Bruce Davidson is an American Photographer known for his documentary and street photography.
Nearly four decades of unpublished works from a master of documentary photography. Consisting solely of previously unpublished photographs, The Way Back is a deep dive through Bruce Davidson’s more than 60-year career. The book chronologically presents photos made between 1957 and 1992, showcasing Davidson’s exceptional versatility―from his earliest assignments to later seminal bodies of work including his yearlong study of teenage members of a Brooklyn Gang (1959), his extensive coverage of the American Civil Rights Movement in Time of Change (1961–65) and his breakthrough portraits of the residents of a single block in Harlem in East 100th Street (1966–68). Series such as Subway (1980) and Central Park (1992) confirm Davidson as a quintessential chronicler of New York City.
What emerges through this retrospective is Davidson’s overt sensibility and empathy for his subjects and his commitment to documenting them in depth over time. Unlike his peers who photographed historical events, Davidson focused on the people within these histories. Now, drawing near the end of his long career, Davidson offers this book as a parting look at his artistic passage, an elegiac goodbye as well as a requiem.

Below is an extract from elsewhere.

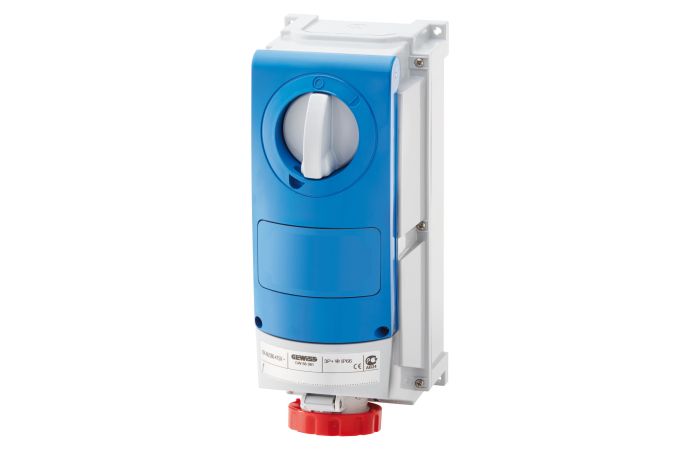 Lizdas CEE vertikalus 5P 63A sunkiom sąlygom 400V IP66 6h su kirtikliu su dėže - GEWISS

Bruce Davidson (born 1933, Oak Park, IL) became a member of the Magnum Photos agency in 1958; since then his photographs and photo series have been widely published to great acclaim. At Yale University, he studied under photographer Alexey Brodovitch and artist Josef Albers, the latter of whom encouraged him to pursue his work among marginalized people and communities. His artistic influences include Robert Frank and Henri Cartier-Bresson.